───── Information
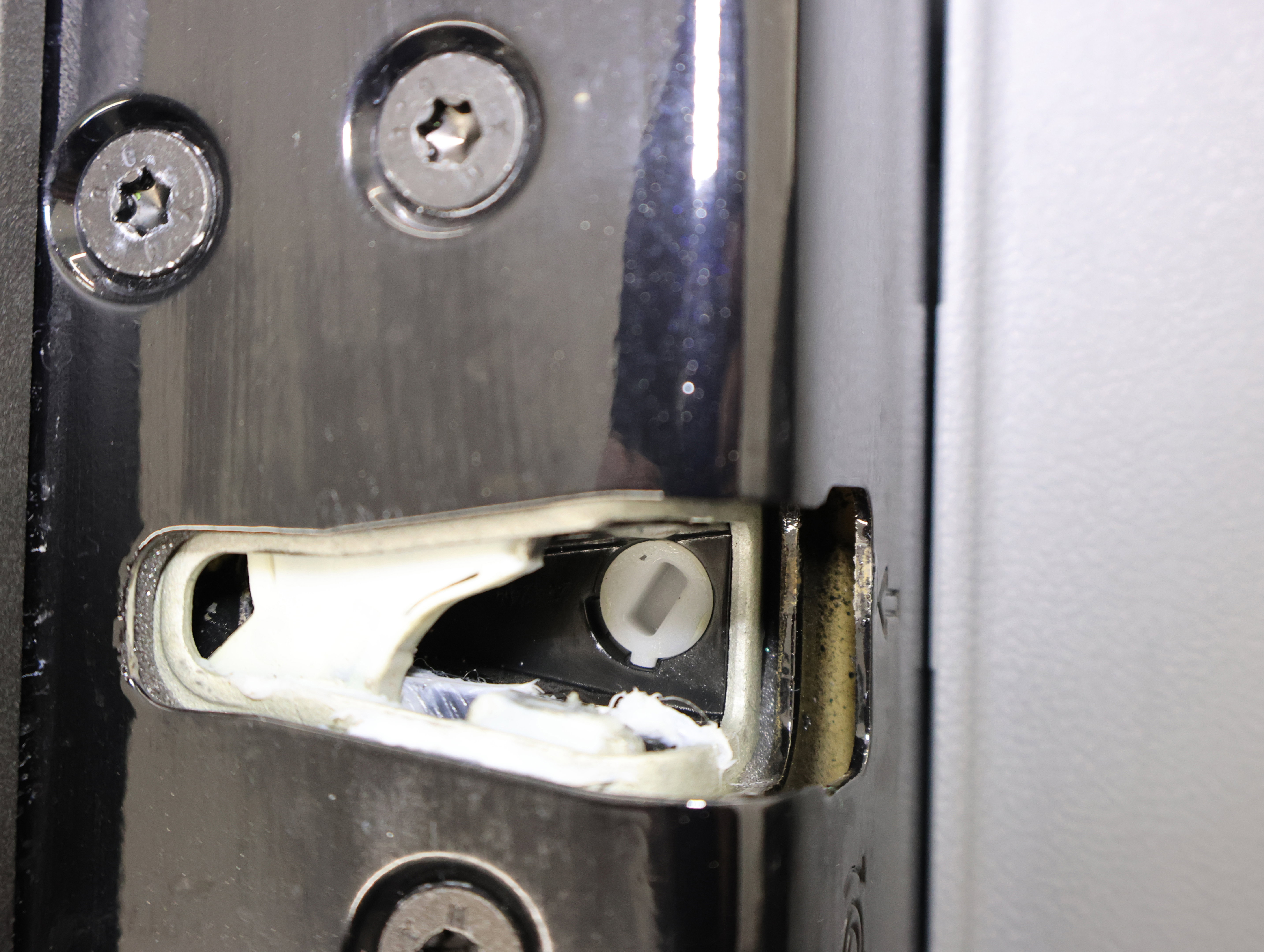 Used 2024 Ford F250 XLT w/ Tremor Off-Road Package image 33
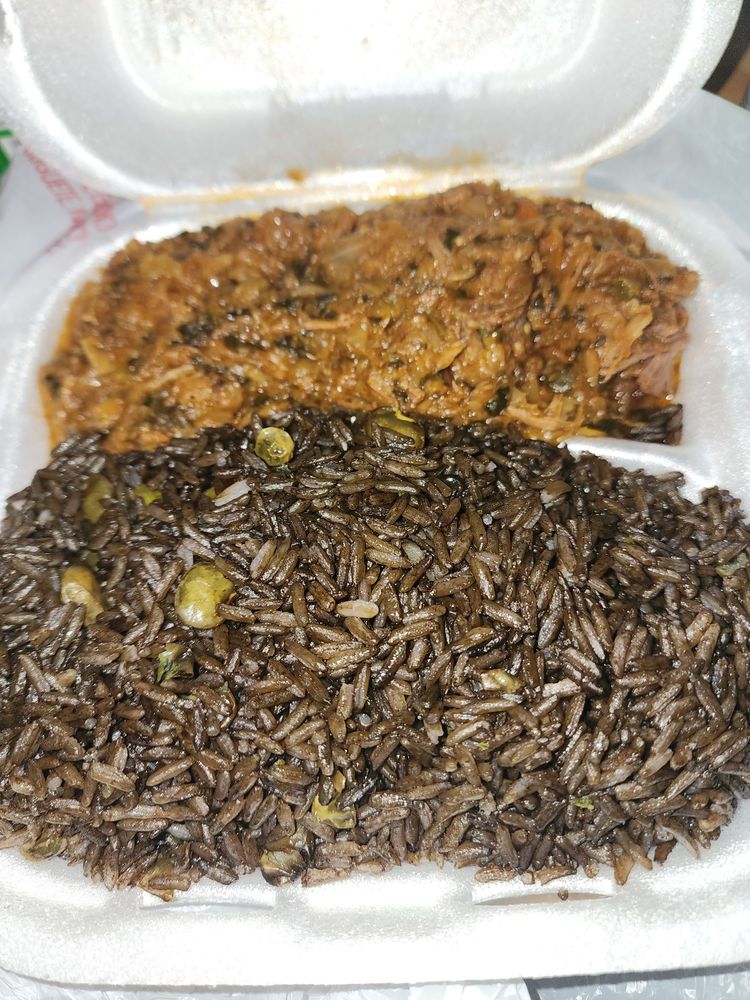 CICI’S BAKERY & TAKEOUT RESTAURANT Updated November 2024 13 Photos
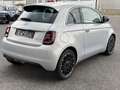 Fiat 500 Hatchback Hybrid Icon Blau - thumbnail 5
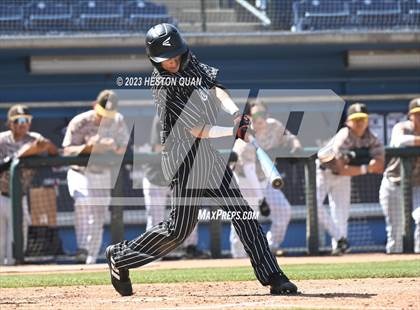 Thumbnail 3 in Chaffey vs. Don Lugo (Battle of the Mt. Baldy League) photogallery.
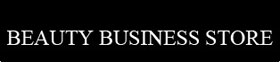 Beauty Business Store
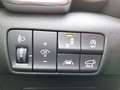 Kia Sportage GT-Line 4WD CRDi Mild Hybrid Panodach Blau - thumbnail 26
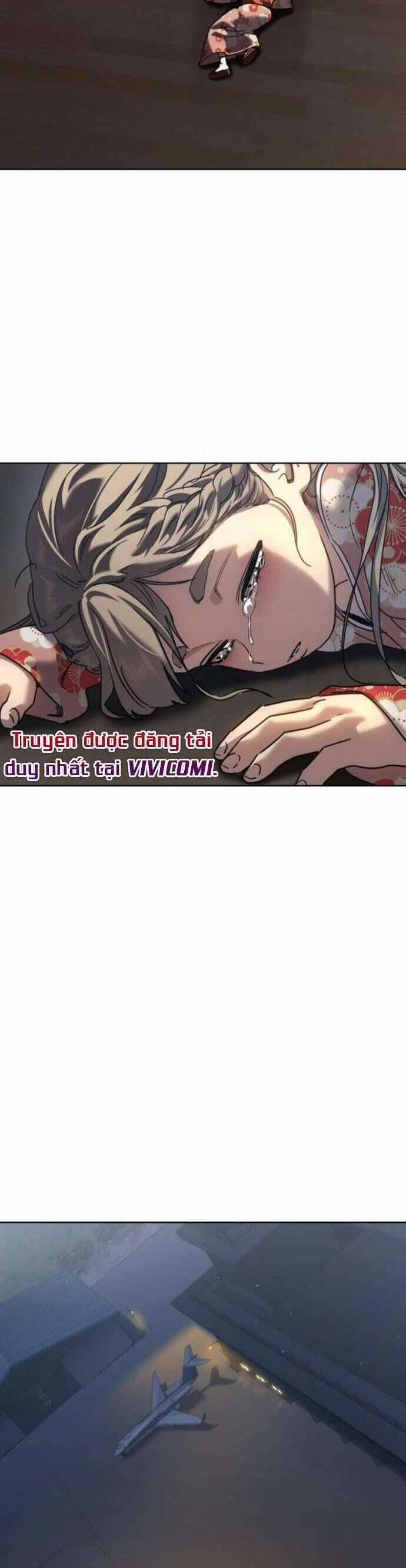 Luật Thanh Niên Chương 40 trang 53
──────────
- _Exercise prompt_: Begin with the line containing "Beauty Business Store" and end with the last line of the entries above. Copy those lines exactly, both ends included, and drop every picture.

- _Solution to this task_:
 Beauty Business Store
 Kia Sportage GT-Line 4WD CRDi Mild Hybrid Panodach Blau - thumbnail 26
 Luật Thanh Niên Chương 40 trang 53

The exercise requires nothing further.